- _Goal of the exercise_: Below are lines of data, and only some are wanted. Please repeat exactly those from the line that has "Genesis GV70 2021 — задний" through the line that has "Genesis G90 Vehicle Image 07".

(Beginning of Exercise materials)

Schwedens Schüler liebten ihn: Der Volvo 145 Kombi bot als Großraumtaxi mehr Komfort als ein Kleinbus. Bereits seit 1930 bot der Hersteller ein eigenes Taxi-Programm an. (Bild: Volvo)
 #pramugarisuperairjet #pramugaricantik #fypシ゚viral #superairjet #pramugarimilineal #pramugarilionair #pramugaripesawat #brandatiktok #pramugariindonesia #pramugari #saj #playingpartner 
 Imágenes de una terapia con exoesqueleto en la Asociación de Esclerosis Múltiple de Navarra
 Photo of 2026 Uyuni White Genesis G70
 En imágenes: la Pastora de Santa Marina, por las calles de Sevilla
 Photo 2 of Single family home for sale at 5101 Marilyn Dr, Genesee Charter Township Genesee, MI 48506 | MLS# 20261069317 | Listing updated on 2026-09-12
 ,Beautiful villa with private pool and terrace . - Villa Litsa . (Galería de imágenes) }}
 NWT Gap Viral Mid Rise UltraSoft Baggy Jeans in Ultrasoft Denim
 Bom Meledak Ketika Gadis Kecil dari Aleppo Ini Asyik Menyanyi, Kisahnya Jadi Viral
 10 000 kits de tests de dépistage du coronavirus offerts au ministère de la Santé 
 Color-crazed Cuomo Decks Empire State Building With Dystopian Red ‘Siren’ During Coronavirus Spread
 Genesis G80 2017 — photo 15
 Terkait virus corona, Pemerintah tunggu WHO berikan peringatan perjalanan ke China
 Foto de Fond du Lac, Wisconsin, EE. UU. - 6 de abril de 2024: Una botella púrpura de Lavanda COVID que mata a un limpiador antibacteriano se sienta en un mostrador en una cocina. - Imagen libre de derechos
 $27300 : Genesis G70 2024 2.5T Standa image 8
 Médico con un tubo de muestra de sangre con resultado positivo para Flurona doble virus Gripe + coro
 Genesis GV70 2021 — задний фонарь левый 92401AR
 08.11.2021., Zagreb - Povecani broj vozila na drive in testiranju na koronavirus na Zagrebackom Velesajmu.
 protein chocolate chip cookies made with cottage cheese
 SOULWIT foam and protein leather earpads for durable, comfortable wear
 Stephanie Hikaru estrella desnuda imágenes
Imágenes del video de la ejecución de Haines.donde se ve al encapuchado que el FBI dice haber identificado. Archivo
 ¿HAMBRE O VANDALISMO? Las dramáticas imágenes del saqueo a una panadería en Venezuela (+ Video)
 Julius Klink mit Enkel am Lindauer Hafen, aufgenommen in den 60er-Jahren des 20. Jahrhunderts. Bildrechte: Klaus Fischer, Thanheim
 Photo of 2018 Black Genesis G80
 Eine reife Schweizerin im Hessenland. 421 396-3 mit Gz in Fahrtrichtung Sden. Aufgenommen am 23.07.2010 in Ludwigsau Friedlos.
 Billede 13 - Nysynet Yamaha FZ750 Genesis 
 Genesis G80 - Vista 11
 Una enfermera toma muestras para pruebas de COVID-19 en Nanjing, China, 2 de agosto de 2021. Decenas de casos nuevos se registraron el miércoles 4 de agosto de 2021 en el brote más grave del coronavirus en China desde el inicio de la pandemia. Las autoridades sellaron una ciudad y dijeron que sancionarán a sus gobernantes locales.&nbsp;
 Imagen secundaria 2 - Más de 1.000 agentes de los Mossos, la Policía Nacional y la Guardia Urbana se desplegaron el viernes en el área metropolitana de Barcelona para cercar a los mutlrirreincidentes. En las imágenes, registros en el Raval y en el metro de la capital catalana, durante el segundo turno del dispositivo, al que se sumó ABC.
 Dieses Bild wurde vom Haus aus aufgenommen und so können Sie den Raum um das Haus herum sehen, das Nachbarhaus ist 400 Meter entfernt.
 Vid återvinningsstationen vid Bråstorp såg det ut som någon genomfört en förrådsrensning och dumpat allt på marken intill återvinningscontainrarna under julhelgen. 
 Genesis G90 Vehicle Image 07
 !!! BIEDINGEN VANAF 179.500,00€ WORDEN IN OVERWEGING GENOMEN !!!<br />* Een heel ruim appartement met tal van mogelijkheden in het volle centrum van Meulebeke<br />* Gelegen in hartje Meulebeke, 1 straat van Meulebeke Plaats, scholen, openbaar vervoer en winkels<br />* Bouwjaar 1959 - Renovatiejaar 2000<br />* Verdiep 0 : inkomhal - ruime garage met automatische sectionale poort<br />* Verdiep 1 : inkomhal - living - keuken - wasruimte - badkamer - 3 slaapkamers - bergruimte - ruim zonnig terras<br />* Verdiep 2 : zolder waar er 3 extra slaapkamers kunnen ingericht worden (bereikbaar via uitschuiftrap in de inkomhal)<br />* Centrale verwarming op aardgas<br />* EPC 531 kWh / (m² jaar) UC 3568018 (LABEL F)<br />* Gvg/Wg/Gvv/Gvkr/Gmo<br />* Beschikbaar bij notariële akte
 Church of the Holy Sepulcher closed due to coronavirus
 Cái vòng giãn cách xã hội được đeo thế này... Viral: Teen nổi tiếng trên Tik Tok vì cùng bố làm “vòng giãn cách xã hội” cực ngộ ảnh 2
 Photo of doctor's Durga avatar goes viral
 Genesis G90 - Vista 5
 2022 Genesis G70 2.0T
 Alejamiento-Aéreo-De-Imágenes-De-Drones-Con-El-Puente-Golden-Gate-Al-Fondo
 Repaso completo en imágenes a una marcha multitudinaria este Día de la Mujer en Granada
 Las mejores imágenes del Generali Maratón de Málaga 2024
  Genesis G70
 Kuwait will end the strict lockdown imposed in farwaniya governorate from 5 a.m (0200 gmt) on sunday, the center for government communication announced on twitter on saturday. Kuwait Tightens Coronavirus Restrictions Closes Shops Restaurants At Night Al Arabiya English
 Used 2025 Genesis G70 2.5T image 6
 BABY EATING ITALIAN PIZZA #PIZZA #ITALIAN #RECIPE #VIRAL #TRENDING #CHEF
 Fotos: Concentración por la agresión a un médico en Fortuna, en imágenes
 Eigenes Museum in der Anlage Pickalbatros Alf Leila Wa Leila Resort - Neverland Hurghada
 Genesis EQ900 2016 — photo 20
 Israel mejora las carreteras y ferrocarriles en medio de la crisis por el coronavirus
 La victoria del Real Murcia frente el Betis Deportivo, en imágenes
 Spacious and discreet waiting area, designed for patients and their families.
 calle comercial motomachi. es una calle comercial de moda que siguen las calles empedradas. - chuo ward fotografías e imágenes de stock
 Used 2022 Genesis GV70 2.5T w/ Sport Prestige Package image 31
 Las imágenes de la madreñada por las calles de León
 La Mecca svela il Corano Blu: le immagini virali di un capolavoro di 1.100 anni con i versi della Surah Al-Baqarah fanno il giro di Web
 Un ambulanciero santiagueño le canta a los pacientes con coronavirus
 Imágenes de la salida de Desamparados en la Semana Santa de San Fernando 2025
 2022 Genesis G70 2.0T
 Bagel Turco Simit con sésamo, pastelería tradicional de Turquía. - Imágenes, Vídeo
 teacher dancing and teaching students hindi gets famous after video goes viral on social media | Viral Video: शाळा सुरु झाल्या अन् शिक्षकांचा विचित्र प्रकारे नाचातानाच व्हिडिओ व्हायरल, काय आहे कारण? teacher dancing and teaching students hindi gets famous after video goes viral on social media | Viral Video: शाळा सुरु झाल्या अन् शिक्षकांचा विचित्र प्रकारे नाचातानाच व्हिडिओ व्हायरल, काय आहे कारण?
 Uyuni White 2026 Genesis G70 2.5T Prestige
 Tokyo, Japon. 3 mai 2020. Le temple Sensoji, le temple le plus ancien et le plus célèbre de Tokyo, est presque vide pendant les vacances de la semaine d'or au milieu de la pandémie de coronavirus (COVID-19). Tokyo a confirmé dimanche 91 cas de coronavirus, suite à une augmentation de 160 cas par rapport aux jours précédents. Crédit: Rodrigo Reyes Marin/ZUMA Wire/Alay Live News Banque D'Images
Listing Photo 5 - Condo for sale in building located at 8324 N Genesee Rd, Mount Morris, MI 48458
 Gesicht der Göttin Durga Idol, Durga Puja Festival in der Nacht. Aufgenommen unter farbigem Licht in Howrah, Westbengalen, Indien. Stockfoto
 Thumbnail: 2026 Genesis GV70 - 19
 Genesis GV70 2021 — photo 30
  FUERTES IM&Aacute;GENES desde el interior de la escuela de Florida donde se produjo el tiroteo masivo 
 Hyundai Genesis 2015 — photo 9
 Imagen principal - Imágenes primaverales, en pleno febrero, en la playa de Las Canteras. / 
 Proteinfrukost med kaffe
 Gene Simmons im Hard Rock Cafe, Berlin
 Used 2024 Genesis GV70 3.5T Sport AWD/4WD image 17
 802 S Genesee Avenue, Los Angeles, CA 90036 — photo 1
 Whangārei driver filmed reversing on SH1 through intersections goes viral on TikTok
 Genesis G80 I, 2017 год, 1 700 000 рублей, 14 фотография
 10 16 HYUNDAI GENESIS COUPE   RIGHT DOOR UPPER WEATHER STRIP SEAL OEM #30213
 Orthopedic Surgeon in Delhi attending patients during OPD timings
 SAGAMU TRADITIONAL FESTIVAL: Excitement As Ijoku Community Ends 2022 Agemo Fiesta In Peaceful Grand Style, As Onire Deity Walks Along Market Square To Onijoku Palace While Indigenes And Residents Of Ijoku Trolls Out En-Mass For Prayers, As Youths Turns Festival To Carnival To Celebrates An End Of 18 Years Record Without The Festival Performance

(End of Exercise materials)

- _Expected answer_:
 Genesis GV70 2021 — задний фонарь левый 92401AR
 08.11.2021., Zagreb - Povecani broj vozila na drive in testiranju na koronavirus na Zagrebackom Velesajmu.
 protein chocolate chip cookies made with cottage cheese
 SOULWIT foam and protein leather earpads for durable, comfortable wear
 Stephanie Hikaru estrella desnuda imágenes
Imágenes del video de la ejecución de Haines.donde se ve al encapuchado que el FBI dice haber identificado. Archivo
 ¿HAMBRE O VANDALISMO? Las dramáticas imágenes del saqueo a una panadería en Venezuela (+ Video)
 Julius Klink mit Enkel am Lindauer Hafen, aufgenommen in den 60er-Jahren des 20. Jahrhunderts. Bildrechte: Klaus Fischer, Thanheim
 Photo of 2018 Black Genesis G80
 Eine reife Schweizerin im Hessenland. 421 396-3 mit Gz in Fahrtrichtung Sden. Aufgenommen am 23.07.2010 in Ludwigsau Friedlos.
 Billede 13 - Nysynet Yamaha FZ750 Genesis 
 Genesis G80 - Vista 11
 Una enfermera toma muestras para pruebas de COVID-19 en Nanjing, China, 2 de agosto de 2021. Decenas de casos nuevos se registraron el miércoles 4 de agosto de 2021 en el brote más grave del coronavirus en China desde el inicio de la pandemia. Las autoridades sellaron una ciudad y dijeron que sancionarán a sus gobernantes locales.&nbsp;
 Imagen secundaria 2 - Más de 1.000 agentes de los Mossos, la Policía Nacional y la Guardia Urbana se desplegaron el viernes en el área metropolitana de Barcelona para cercar a los mutlrirreincidentes. En las imágenes, registros en el Raval y en el metro de la capital catalana, durante el segundo turno del dispositivo, al que se sumó ABC.
 Dieses Bild wurde vom Haus aus aufgenommen und so können Sie den Raum um das Haus herum sehen, das Nachbarhaus ist 400 Meter entfernt.
 Vid återvinningsstationen vid Bråstorp såg det ut som någon genomfört en förrådsrensning och dumpat allt på marken intill återvinningscontainrarna under julhelgen. 
 Genesis G90 Vehicle Image 07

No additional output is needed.